Fines bedeutet aber auch "Ziele". Latein bietet sich daher besonders an, um den entscheidenden Konnex in der Debatte über die Zukunft der Union herzustellen: Müsste die EU nicht zuerst wissen, was sie am Ende sein will, bevor sie entscheidet, wer alles dazugehören soll? Eine EU als Superstaat wäre der souveränitätsbewussten Türkei nicht die erhoffte Heimat. Eine EU als reine Freihandelszone würde vielleicht sogar den Schweizern attraktiv erscheinen.

Über die Ziele der EU macht sich in diesen Monaten der Reformkonvent Gedanken. Die Grenzen ziehen die Staats- und Regierungschefs ab Donnerstag in Kopenhagen ein wenig weiter. Gegen die zehn Neulinge, die dort zu EU- Mitgliedern gekürt werden, hat niemand mehr etwas einzuwenden. Auch Rumänien und Bulgarien werden ein Hoffnungsdatum bekommen. Bliebe der Kandidat Türkei.

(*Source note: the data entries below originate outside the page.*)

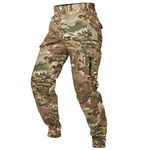 CARWORNIC Men's Camouflage Tactical Pants Waterproof Lightweight Ripstop Outdoor Hiking Tapered Cargo Pants Casual Paintball Hunting Work Pants Multi Pocket Military Camo Army Combat Trousers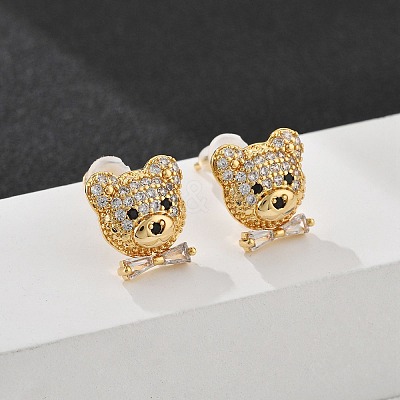 Bear Brass Micro Pave Clear Cubic Zirconia Stud Earrings EJEW-B131-05G-1
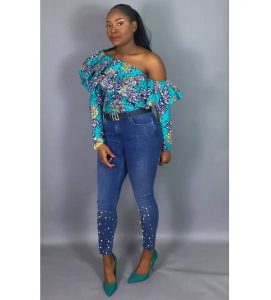 ankara one side off shoulder, long sleeve blouse with denim jeans for young celebrity ladies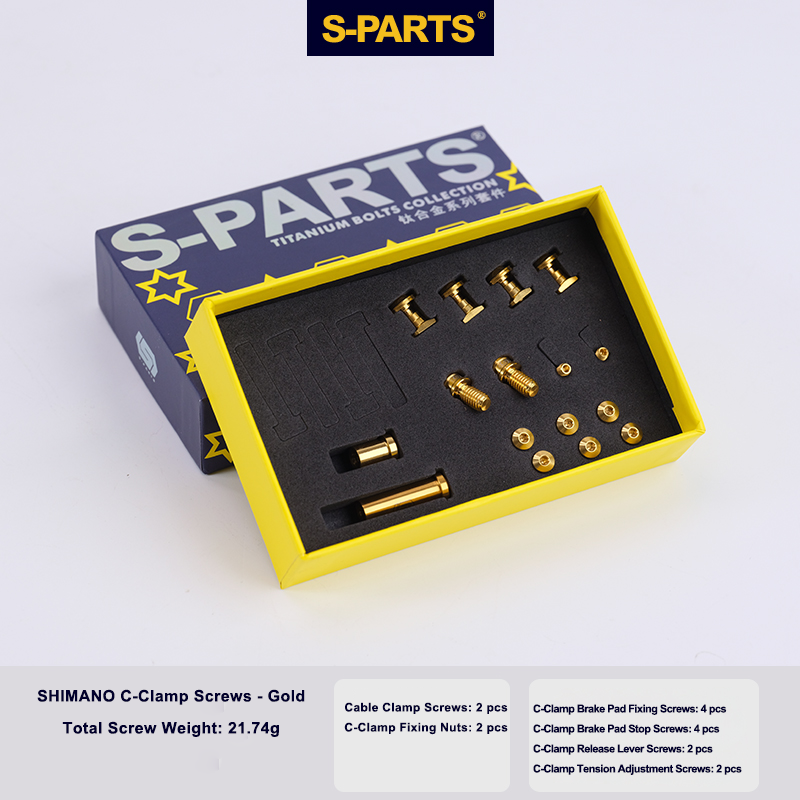 S-PARTS Titanium Alloy Screws Kit for SHIMANO C-Brake - Brake Pad Fixing and Release Lever Nuts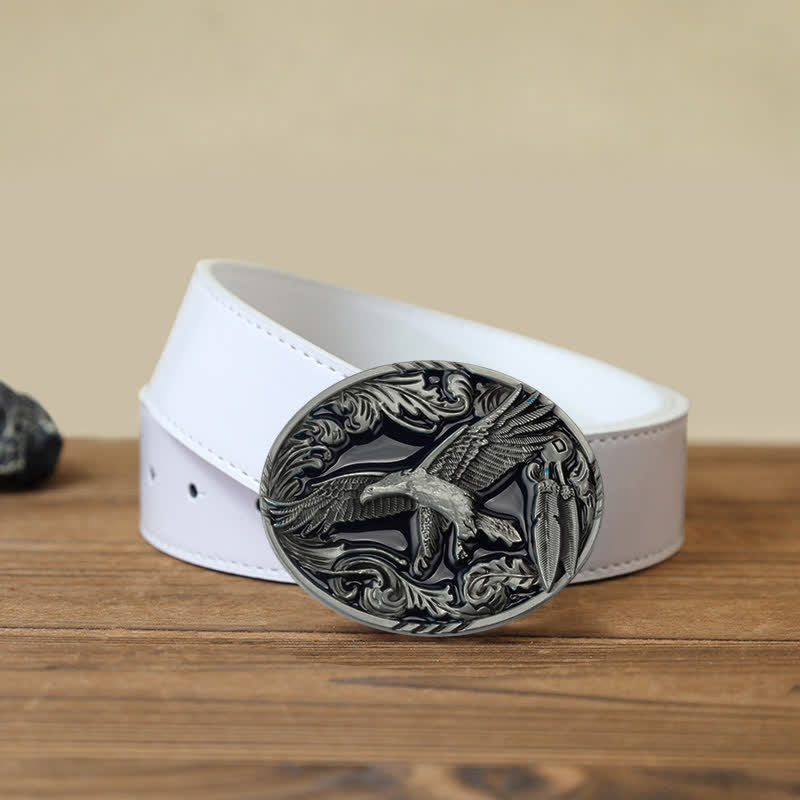 Cintura in pelle con fibbia ovale smaltata a forma di foglia d'aquila fai da te da uomo - Aquila - Cintura PU bianca (40) - image 5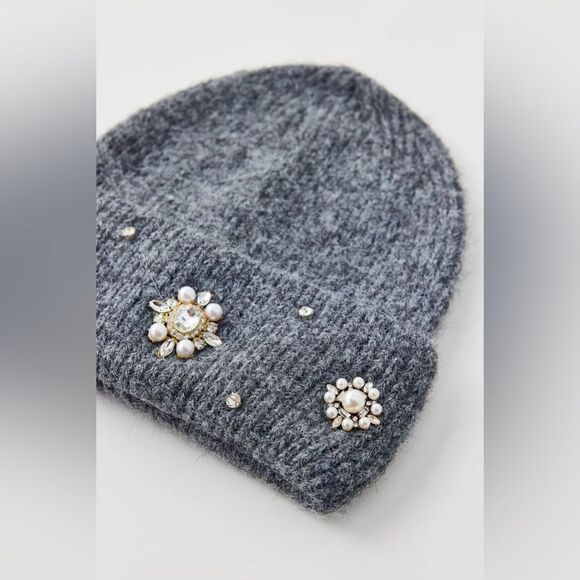 New Urban Outfitters Pearl & Rhinestone Deco Cuff Beanie main image 4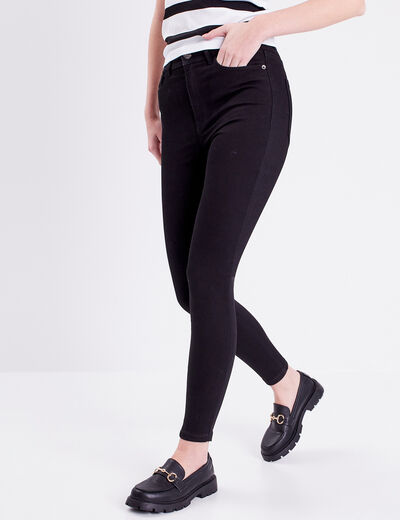 Jeans skinny taille haute denim noir femme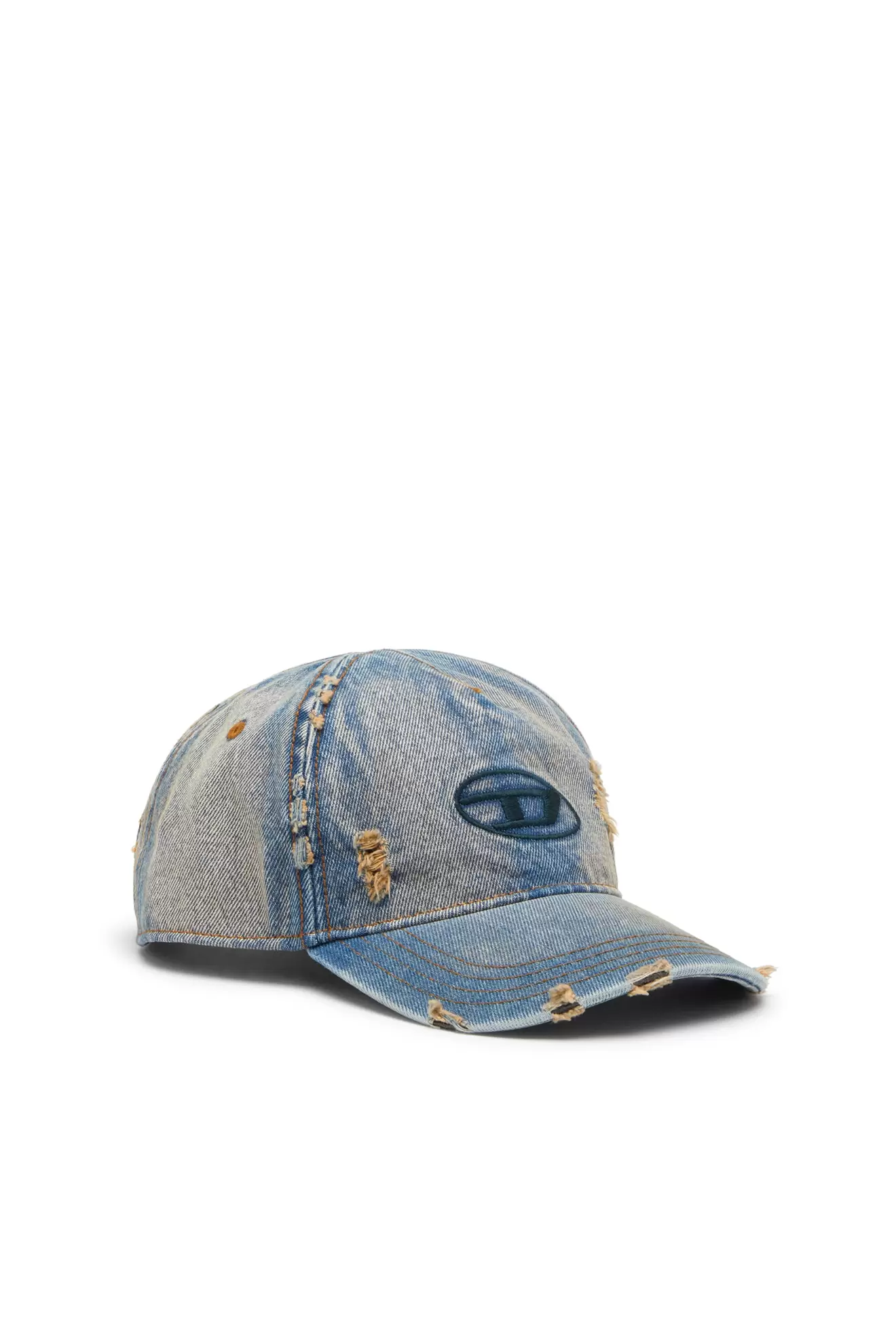 Denim-Cap mit ausgefransten Details und gesticktem Logo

Romano Prodi selbst hat die Grenzen/Ziele-Debatte vergangene Woche indirekt durch seine EU-Verfassungsskizze bereichert. Ihr Codename - _Penelope - deutet an, was sie sein soll: den Europäern Heimstatt nach langer Irrfahrt, wie sein Weib dem Odysseus.

Geschichtsbewusste Politiker in Ankara - auch sie kennen die abendländischen Klassiker - mögen das als Steilvorlage nutzen: Odysseus' lange Reise durch das Mittelmeer begann in Troia, auf dem Gebiet der heutigen Türkei. Konventspräsident Valéry Giscard d'Estaing kontert, dass unter den Römern die Landmasse, auf der der Großteil der Türkei heute liegt, nun einmal "Asia minor" hieß. Kleinasien, nicht Kleineuropa.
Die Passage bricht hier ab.